### Instructions for the task
Using the records below, give again exactly the lines from the line that contains "Gonodonta immacula" through the line that contains "Cute little girl", both ends included, and only those.

------ Data to process

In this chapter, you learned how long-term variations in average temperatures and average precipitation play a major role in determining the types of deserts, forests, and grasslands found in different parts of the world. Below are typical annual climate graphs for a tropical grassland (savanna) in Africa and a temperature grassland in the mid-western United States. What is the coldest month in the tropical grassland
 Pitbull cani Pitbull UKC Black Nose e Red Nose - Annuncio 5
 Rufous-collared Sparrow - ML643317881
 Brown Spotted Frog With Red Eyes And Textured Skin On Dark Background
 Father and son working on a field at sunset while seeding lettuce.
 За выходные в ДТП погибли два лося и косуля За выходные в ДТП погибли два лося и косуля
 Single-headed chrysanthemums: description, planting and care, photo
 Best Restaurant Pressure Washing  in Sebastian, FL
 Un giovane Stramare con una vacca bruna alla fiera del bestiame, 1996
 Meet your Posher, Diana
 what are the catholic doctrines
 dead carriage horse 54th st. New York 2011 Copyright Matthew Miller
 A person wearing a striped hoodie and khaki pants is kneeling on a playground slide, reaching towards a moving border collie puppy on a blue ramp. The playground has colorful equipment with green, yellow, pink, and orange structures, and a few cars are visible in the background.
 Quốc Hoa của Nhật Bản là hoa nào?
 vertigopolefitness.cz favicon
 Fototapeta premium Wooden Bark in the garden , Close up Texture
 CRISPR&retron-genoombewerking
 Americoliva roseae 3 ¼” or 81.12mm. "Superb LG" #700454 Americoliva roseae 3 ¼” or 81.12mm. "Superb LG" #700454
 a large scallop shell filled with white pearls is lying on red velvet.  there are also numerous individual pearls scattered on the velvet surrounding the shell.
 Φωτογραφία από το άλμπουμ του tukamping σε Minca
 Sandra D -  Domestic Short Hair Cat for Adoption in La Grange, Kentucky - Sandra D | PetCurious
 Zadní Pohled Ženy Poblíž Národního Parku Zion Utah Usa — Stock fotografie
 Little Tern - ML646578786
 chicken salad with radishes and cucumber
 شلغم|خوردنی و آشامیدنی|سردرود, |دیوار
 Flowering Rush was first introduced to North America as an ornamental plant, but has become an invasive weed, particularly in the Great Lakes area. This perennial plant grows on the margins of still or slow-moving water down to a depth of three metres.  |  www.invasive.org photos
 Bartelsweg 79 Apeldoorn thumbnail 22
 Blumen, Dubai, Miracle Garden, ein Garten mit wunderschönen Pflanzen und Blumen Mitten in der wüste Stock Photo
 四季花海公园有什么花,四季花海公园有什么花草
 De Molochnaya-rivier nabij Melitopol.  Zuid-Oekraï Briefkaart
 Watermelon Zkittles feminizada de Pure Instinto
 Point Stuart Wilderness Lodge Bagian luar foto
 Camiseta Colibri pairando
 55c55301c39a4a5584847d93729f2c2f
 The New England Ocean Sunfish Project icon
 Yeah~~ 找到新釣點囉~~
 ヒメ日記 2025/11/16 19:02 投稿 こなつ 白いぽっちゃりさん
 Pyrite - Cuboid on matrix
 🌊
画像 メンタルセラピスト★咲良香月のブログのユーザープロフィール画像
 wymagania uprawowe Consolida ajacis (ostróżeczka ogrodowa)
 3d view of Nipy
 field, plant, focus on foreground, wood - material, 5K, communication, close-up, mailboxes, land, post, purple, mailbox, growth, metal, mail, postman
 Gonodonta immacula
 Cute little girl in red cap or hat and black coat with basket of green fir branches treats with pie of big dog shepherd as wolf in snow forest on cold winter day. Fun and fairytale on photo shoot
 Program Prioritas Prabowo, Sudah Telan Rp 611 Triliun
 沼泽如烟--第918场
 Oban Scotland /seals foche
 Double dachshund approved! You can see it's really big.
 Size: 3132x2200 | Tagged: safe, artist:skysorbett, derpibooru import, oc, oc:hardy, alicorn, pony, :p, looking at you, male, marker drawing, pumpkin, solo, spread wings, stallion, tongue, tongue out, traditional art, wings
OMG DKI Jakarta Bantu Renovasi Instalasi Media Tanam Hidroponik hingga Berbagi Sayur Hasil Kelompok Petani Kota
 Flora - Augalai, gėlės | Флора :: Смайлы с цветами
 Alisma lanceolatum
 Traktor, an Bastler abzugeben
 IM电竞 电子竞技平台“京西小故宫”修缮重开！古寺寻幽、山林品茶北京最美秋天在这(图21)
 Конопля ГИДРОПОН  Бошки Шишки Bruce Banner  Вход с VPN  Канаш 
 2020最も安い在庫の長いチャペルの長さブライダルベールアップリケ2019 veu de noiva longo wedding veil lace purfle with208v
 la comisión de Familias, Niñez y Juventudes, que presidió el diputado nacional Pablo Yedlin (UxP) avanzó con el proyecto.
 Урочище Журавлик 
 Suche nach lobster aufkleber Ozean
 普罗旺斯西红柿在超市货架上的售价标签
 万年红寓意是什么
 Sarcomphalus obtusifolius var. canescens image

------------

### Answer for the task
 Gonodonta immacula
 Cute little girl in red cap or hat and black coat with basket of green fir branches treats with pie of big dog shepherd as wolf in snow forest on cold winter day. Fun and fairytale on photo shoot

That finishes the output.